The Lynx 2011 campaign ranks among the most dominant in league history. En route to its first WNBA title, Minnesota won over 80 percent of its games and finished the season with a 34-8 record (27-7 regular season, 7-1 postseason), including a 28-4 run after July 13. When you look at the youth and talent on the Lynx roster, it's easy to see the makings of a dynasty. Repeating in the WNBA however has been difficult lately; it's been a decade since we've had a back-to-back champion.

Entering its 16th season, WNBA history could be divided into two segments: the formative years (1997-2002) and the modern era (2003-present). The league's formative years were dominated by two teams: the Houston Comets and Los Angeles Sparks.

The Comets, led by the trio of Cynthia Cooper, Sheryl Swoopes and Tina Thompson, won the first four league titles from 1997-2000. During the first two years of that stretch however, the WNBA competed with the American Basketball League (ABL) for talent. Players like Teresa Edwards, Yolanda Griffith, Katie Smith, Dawn Staley and even current Lynx center "Mama" Taj McWilliams-Franklin spent time in the ABL.

After losing to the Comets in the 1999 and 2000 conference finals, Los Angeles ended the Houston dynasty and won consecutive titles in 2001 and 2002. Lisa Leslie and Co. ushered in a new era and the league, bolstered by the collapse of the ABL and an infusion of new talent from the collegiate ranks, became more competitive.

In the modern era, Detroit (3), Seattle (2) and Phoenix (2) have won multiple titles, but all non-consecutively. The Sacramento Monarchs came the closest to repeating, falling to Detroit in Game 5 of the 2006 Finals after winning it all in 2005. With little movement of elite players, teams have been able to sustain excellence during the modern era, but so far, winning back-to-back titles has been elusive.

The women's game is evolving at an amazing pace; all you have to do is throw in some game film from the late '90s to see how far we've come since then. Today's players are bigger, stronger, faster and more fundamentally sound. The scouting methods are more advanced and the talent pool is much deeper.

While the Cooper, Swoopes and Thompson Comets measure up favorably in any era, it's difficult to see any team winning four straight titles again, although this version of the Lynx appears set up for a serious run at it. Seimone Augustus, Maya Moore and Lindsay Whalen give the Lynx a Cooper/Swoopes/Thompson-like trio and that's not even counting Rebekkah Brunson, an All Star in her own right. The remainder of the roster meanwhile is filled with intriguing youth and talent.

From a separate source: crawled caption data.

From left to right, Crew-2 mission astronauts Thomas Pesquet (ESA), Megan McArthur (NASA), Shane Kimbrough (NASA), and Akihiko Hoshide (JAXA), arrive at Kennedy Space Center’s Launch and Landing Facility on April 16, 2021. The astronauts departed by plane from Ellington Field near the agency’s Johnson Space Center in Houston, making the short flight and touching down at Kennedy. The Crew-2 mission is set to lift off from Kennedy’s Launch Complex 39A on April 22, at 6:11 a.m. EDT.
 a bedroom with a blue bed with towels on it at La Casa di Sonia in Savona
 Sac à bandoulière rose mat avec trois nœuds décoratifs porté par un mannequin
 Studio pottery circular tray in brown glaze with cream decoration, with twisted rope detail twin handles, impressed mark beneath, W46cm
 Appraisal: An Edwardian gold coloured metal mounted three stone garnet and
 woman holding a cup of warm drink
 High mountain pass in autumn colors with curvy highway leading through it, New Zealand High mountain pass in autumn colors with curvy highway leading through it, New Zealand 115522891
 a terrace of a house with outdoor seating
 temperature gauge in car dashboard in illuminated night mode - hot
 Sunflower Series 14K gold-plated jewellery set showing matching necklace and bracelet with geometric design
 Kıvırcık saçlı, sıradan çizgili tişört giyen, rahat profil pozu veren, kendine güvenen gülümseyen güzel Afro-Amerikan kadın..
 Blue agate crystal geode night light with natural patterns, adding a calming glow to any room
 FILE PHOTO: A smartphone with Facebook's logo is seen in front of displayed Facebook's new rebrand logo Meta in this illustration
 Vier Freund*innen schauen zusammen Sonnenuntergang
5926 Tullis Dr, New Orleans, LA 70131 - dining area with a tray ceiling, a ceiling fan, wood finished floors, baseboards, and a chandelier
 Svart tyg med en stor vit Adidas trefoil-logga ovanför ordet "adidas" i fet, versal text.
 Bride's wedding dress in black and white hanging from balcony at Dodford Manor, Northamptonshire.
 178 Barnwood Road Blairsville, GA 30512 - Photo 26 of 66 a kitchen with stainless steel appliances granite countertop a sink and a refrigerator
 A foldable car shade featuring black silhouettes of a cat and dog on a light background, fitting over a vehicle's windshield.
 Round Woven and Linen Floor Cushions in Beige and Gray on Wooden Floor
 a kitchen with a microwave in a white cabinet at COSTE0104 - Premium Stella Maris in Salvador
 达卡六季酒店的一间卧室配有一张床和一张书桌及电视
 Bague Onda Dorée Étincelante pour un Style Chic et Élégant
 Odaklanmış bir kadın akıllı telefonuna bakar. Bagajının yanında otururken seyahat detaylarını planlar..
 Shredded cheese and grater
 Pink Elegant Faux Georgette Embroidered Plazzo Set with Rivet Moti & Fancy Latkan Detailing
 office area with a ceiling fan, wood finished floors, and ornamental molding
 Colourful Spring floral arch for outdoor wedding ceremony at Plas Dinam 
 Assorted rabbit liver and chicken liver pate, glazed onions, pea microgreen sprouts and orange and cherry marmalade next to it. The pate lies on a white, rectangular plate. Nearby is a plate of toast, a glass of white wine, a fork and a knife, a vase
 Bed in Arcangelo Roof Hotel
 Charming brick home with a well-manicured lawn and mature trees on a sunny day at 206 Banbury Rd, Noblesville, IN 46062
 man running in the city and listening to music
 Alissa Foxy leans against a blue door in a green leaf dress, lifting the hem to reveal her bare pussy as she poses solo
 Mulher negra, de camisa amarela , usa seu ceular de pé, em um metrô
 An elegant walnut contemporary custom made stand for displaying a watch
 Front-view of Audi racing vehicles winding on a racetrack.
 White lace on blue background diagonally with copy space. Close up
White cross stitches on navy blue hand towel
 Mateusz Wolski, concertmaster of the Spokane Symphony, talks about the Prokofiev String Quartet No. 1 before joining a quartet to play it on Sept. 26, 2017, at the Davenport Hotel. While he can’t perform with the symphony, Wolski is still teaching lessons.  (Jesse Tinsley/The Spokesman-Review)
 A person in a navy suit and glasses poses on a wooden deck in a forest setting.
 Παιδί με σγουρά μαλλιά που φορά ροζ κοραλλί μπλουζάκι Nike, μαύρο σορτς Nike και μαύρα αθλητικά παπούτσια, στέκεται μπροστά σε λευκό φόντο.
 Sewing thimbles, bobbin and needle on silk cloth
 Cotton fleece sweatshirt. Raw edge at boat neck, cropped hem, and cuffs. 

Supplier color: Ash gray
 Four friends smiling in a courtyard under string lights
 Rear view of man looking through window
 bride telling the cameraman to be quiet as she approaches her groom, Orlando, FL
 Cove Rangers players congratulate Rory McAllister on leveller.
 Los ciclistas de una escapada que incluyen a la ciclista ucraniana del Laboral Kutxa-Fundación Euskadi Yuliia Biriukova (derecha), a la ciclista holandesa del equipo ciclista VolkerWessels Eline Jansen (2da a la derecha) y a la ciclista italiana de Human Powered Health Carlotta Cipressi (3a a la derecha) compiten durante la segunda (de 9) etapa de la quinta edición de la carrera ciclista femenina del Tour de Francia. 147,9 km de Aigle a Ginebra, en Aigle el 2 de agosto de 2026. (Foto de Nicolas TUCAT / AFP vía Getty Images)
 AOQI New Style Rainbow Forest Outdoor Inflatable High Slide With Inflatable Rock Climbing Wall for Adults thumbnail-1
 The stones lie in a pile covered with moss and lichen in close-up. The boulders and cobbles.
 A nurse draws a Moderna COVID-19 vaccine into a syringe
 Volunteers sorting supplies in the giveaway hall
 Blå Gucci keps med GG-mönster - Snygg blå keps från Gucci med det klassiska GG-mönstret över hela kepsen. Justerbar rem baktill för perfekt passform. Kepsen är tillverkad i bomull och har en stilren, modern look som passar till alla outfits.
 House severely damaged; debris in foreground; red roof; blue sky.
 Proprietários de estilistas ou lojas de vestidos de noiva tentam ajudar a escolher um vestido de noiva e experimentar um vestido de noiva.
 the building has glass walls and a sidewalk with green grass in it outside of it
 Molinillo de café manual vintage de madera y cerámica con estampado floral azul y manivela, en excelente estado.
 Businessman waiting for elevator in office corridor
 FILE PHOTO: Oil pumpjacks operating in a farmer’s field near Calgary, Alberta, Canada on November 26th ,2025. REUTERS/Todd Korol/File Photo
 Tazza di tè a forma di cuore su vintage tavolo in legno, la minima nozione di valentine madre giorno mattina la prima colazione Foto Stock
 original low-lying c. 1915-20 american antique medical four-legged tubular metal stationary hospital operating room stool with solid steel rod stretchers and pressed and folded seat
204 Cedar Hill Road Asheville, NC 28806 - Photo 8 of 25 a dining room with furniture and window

At 41, McWilliams-Franklin is still a force in the middle and she's backed up by the emerging Jessica Adair and Amber Harris, the 4th overall pick in last year's draft. Candice Wiggins (2008 Sixth Woman of the Year), Monica Wright (the No. 2 overall pick in 2010), Charde Houston (2009 All-Star) and the newly signed Erin Thorn give the Lynx unmatched depth. As if that weren't enough, the defending champs own the third-overall pick in April's draft.

Last year at this time the Lynx were an upstart team hoping to end a six-year playoff drought. Just 12 months later, they enter their 14th season heavy favorites to repeat as champions.